= Beginning of Section =

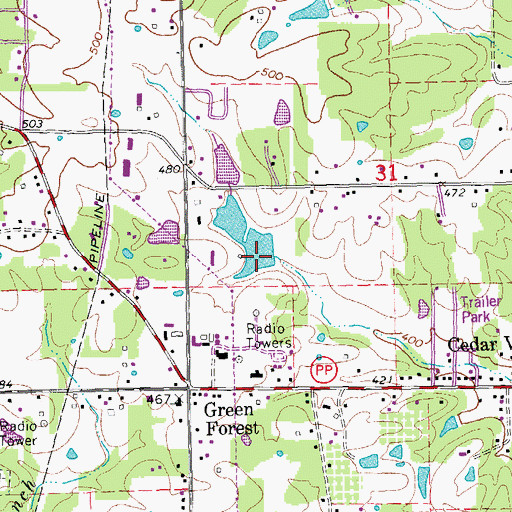 Topographic Map of Chamberlain Dam, MO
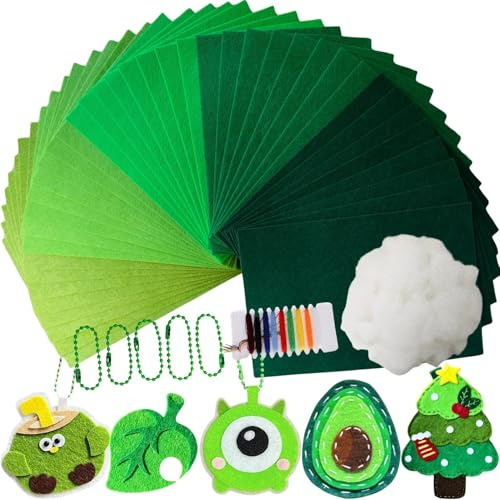 40 Stück Filz zum Basteln,5 Verschiedene Grüne Farben von Bastelfilz 1mm,komplett mit Nähzubehör,50g Bastelwatte,5 kugelkette,20 x 30cm Filzstoff zum Basteln, Vliesstoff Stoff Filzplatten für DIY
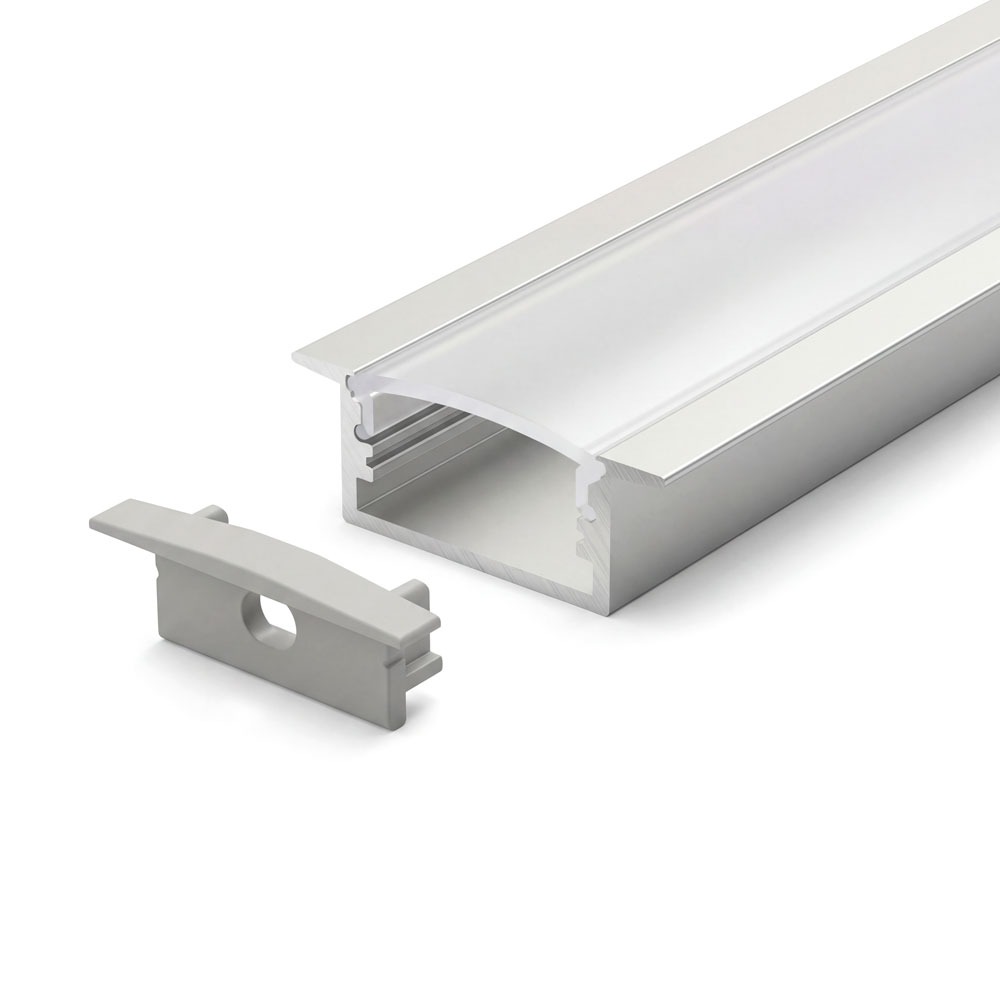 SURFACE MOUNTED/RECESSED ALUMINUM PROFILE 619 WITH PC COVER 10FT SILVER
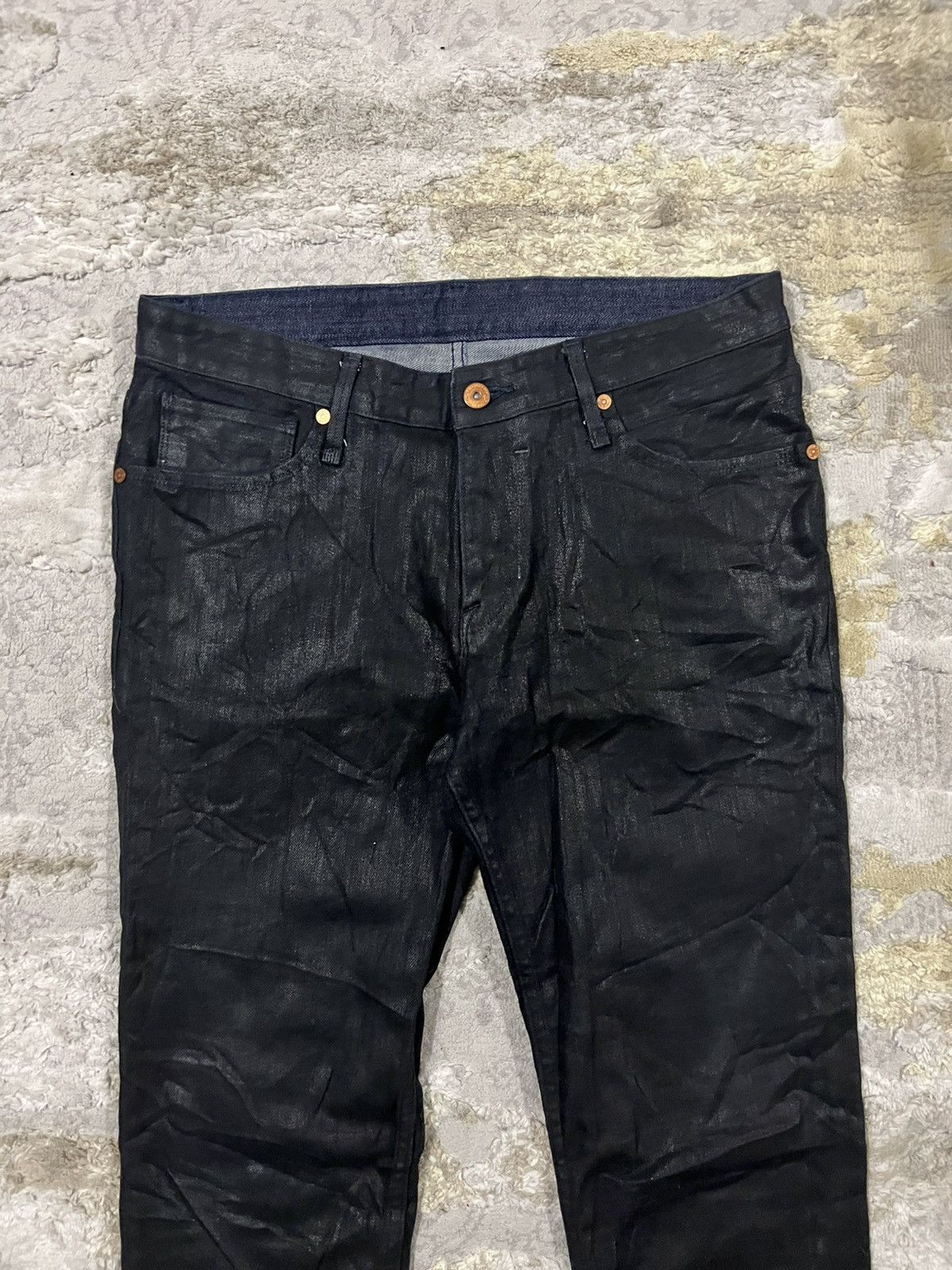 Oni Okayama Denim Dark Blue Indigo Waxed Dior Homme Denim Jeans Size US 32 / EU 48 - 7 Thumbnail
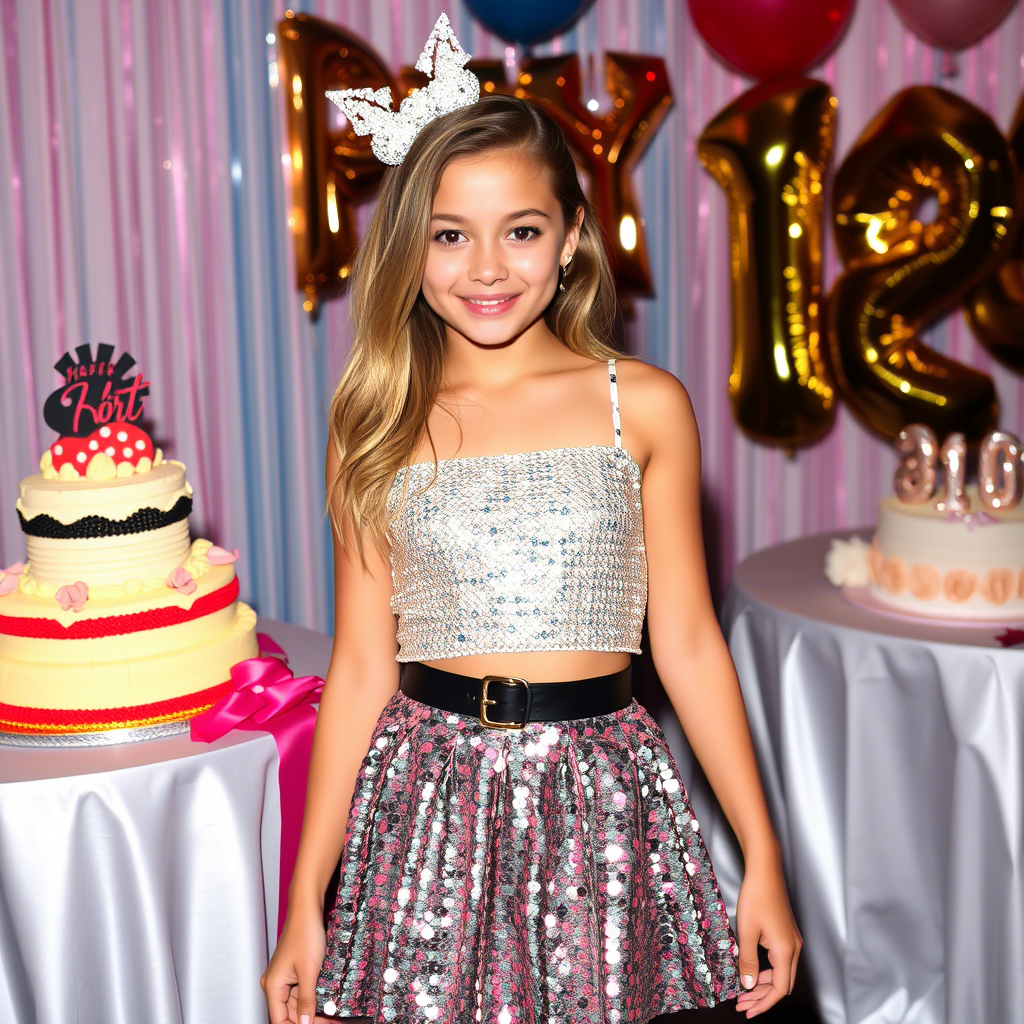 Glamorous teenage girl wearing sequin skirt and top at a birthday party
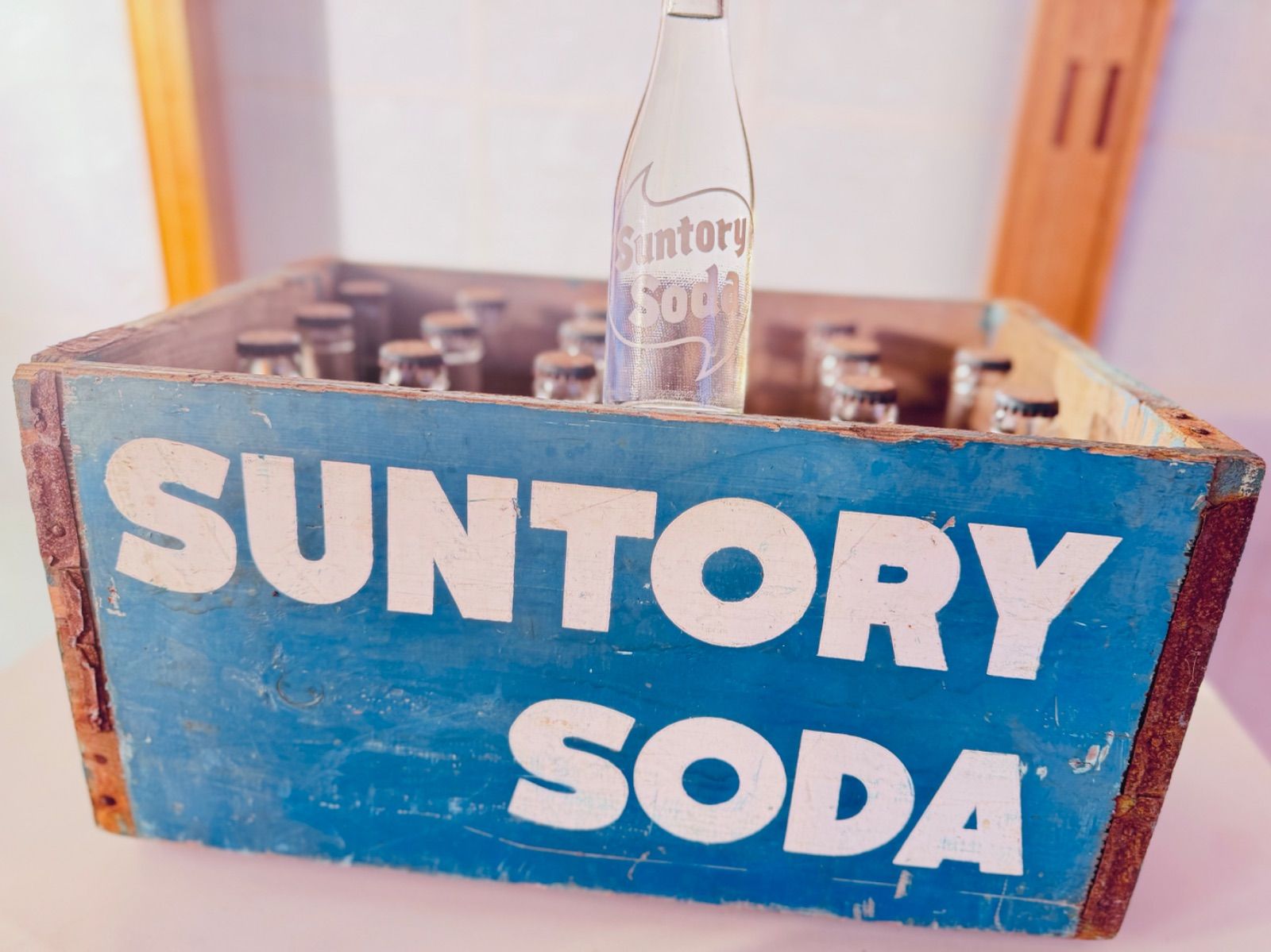 昭和レトロ　SUNTORY SODA 木製ボックス アンティーク imgrc0090236173.jpg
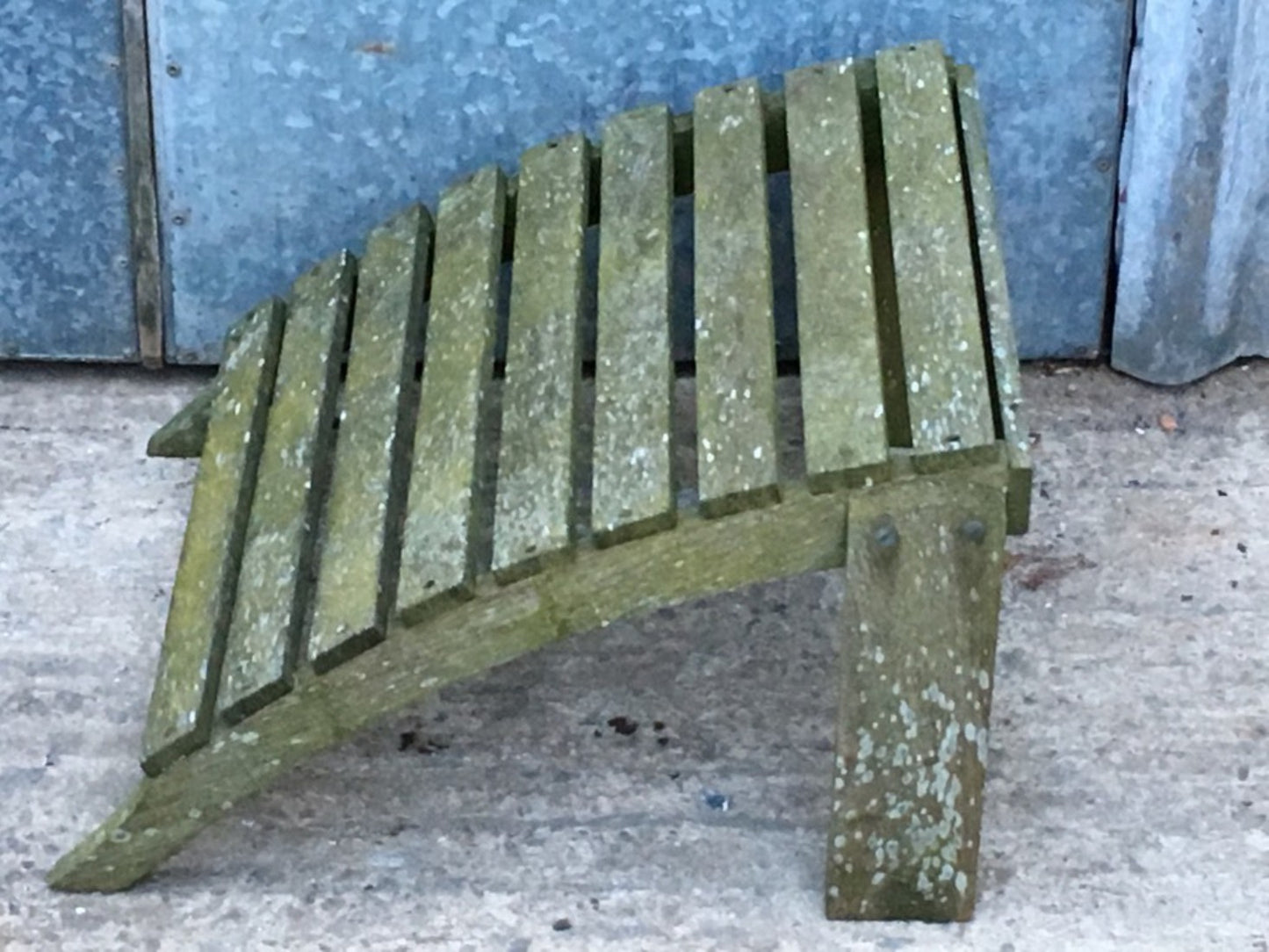 34cm By 58.7cm Lovely Old Weathered Teak Garden Chair Sloping Foot Rest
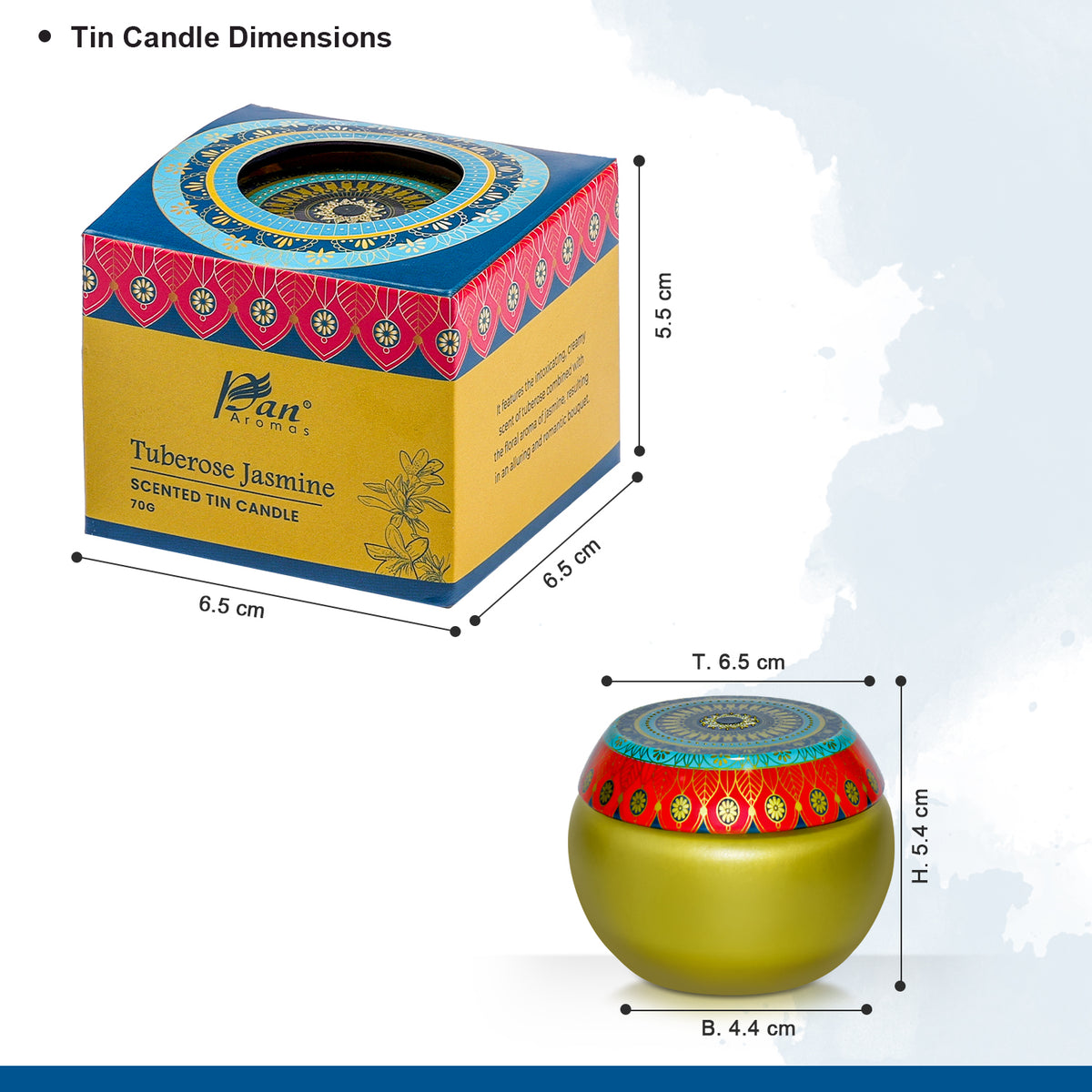 Tuberose Jasmine Scented Tin Candle- 70gm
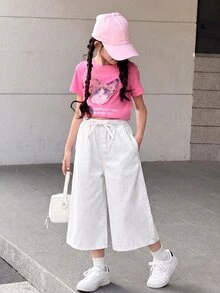 SHEIN Tween Girl Casual Versatile Kids Solid Color Wide Leg Jeans - White - View 3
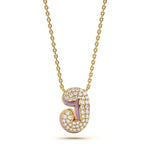 Mija Enamel 'J' Pendant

= End of Section =

The data above are to be repeated word for word, with any pictures left out.

 Topographic Map of Chamberlain Dam, MO
 40 Stück Filz zum Basteln,5 Verschiedene Grüne Farben von Bastelfilz 1mm,komplett mit Nähzubehör,50g Bastelwatte,5 kugelkette,20 x 30cm Filzstoff zum Basteln, Vliesstoff Stoff Filzplatten für DIY
 SURFACE MOUNTED/RECESSED ALUMINUM PROFILE 619 WITH PC COVER 10FT SILVER
 Oni Okayama Denim Dark Blue Indigo Waxed Dior Homme Denim Jeans Size US 32 / EU 48 - 7 Thumbnail
 Glamorous teenage girl wearing sequin skirt and top at a birthday party
 昭和レトロ　SUNTORY SODA 木製ボックス アンティーク imgrc0090236173.jpg
 34cm By 58.7cm Lovely Old Weathered Teak Garden Chair Sloping Foot Rest
 Tuberose Jasmine Scented Tin Candle- 70gm
 SHEIN Tween Girl Casual Versatile Kids Solid Color Wide Leg Jeans - White - View 3
 Mija Enamel 'J' Pendant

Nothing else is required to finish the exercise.